An increasing number of studies have documented a significant relationship between the pubertal transition and both subclinical depressive symptoms and clinical depression among adolescents (Angold, Costello, & Worthman, 1998; Ge, Conger, & Elder, 1996, 2001a, 2001b; Graber, Lewinsohn, Seeley, & Brooks-Gunn, 1997; Petersen, Sarigiani, & Kennedy, 1991; Susman et al., 1985). Relatively little systematic information, however, is available about the influence of the pubertal transition on the development of depression among African American youngsters.
In two recent studies based on cross-sectional data collected at the first wave of the current project, we reported that, like their European American peers, African American adolescents appear to respond negatively to the pubertal transition (Ge, Brody, Conger, & Simons, in press; Ge, Brody, Conger, Simons, & Murry, 2002). Questions remain, however, as to which youngsters are most affected by this transition and whether its effects differ for African American boys and girls at different ages. Using two waves of longitudinal data collected from African American children when they were 11 and 13 years of age, respectively, the present study was designed to evaluate several alternative hypotheses about the pubertal transitional influences on African American boys and girls.
Three rival hypotheses have been advanced to explain the theoretical link between the pubertal transition and the observed increase in adolescent emotional disturbance (Caspi & Moffitt, 1991; Petersen & Taylor, 1980). The early timing hypothesis predicts that adolescents who mature early should be affected most negatively (Peskin, 1973). This hypothesis originated from the stage termination proposition, which posits that the emotional difficulties that early-maturing adolescents experience stem from their differential preparation for pubertal change (Petersen & Taylor, 1980).
According to this line of reasoning, developmental change is sequential; chronologically ordered developmental tasks in one stage must be successfully completed before an individual moves on to the next developmental stage. Early maturation shortens the time available for children to acquire, assimilate, and strengthen adaptive and coping skills. This curtailed preparatory period may place early maturing adolescents at risk for adjustment difficulties as they confront too soon the new challenges that accompany adolescence. Early physical maturation is a significant risk factor for the development of depression, especially for girls (Ge et al., 1996, 2001a; Graber et al., 1997; Petersen et al., 1991). Most published studies to date, including a previous study from the current project (Ge et al., in press), have used cross-sectional designs to demonstrate the early timing effect, which precludes any inferences about a causal link between puberty and depression.

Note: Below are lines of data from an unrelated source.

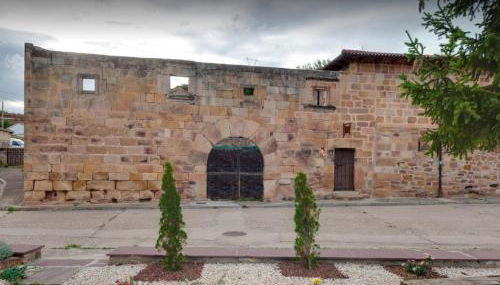 Casa Rural La Panera - Foto 2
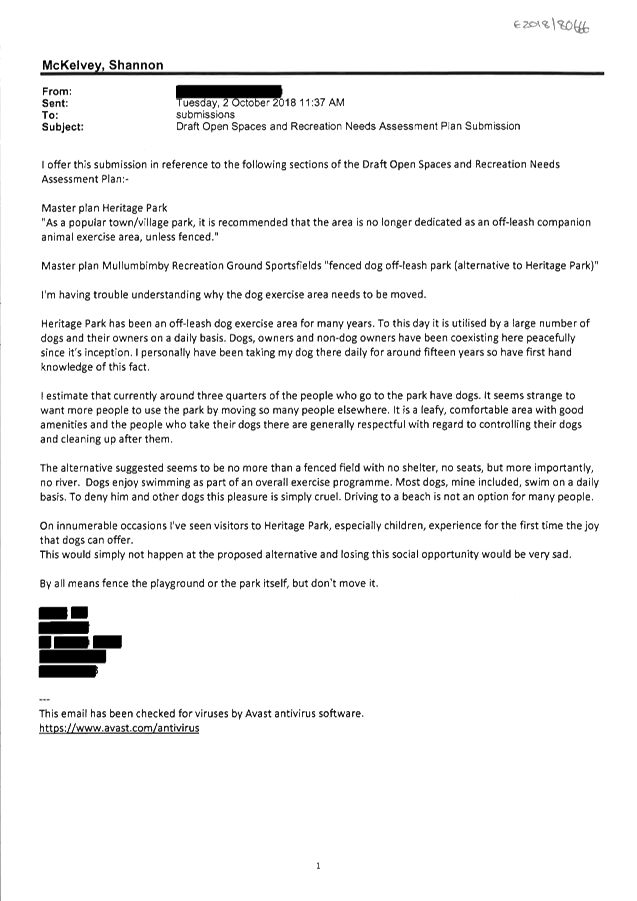 PDF Creator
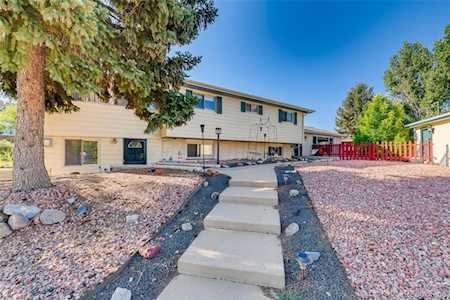 16152 Hi Land Circle Brighton, CO 80602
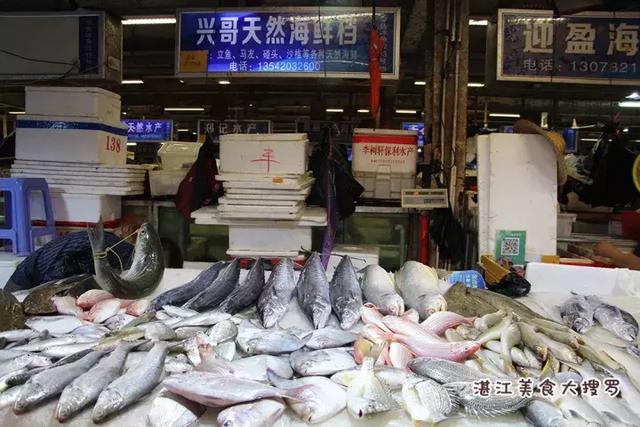 蜘蛛蟹的做法,蜘蛛蟹怎么煮(只隔着一个海鲜市场) 蜘蛛蟹的做法,蜘蛛蟹怎么煮(只隔着一个海鲜市场)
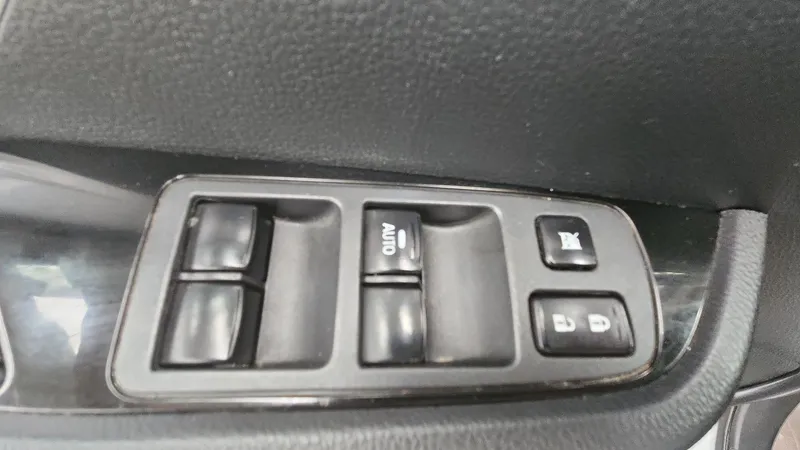 Mitsubishi Xpander 2023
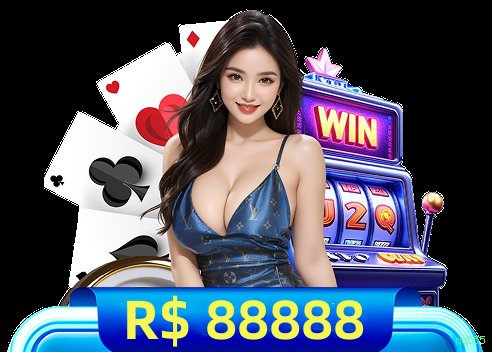 Apostas futebol ao vivo qq555 - odds competitivas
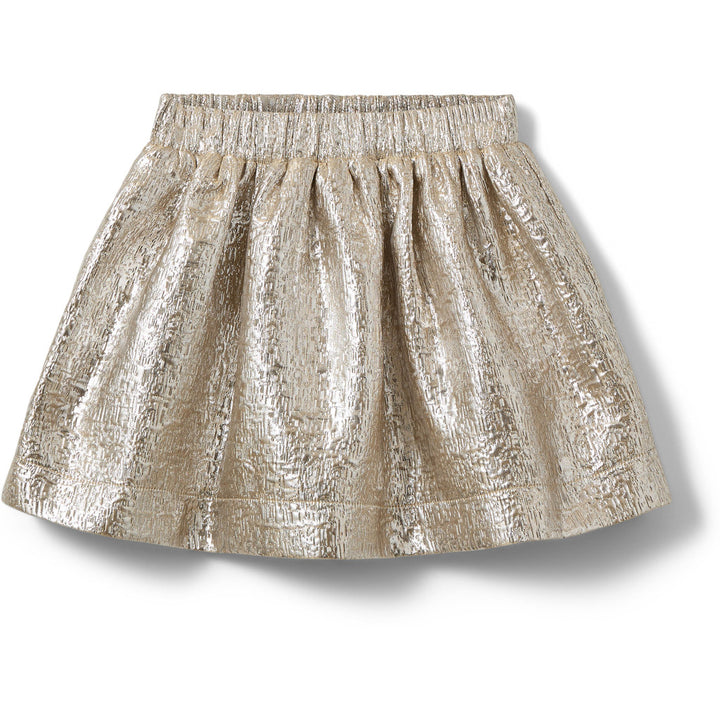 MARAKB SKIRT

Because depressed individuals tend to have a history of depression, the researcher’s challenge is to demonstrate that the pubertal transition actually predicts subsequent depressive symptoms even after prior symptom levels have been statistically controlled. The current study met this challenge by using data collected across two waves, when the youths averaged 11 and 13 years of age, to examine the longitudinal significance of early physical maturation in the development of depressive symptoms. The off-time hypothesis predicts that both early- and latematuring adolescents will manifest higher levels of emotional disturbance than will their on-time age-mates.
This hypothesis has its origin in the deviance proposition, which maintains that departure from the typical scheduling of life events places early and later maturers in deviant categories, compared with their on-time peers. Because transitions that occur at the expected ages are socially predictable and culturally acceptable, adolescents who mature on time should be affected less negatively than either their early- or late-developing peers. From this perspective, those who begin puberty earlier or later than their age-mates are at higher risk for emotional problems. The off-time hypothesis has received varying degrees of empirical support. Alsaker (1992), for example, reported that both earlyand late-maturing boys showed elevated depressive symptoms compared with their on-time peers.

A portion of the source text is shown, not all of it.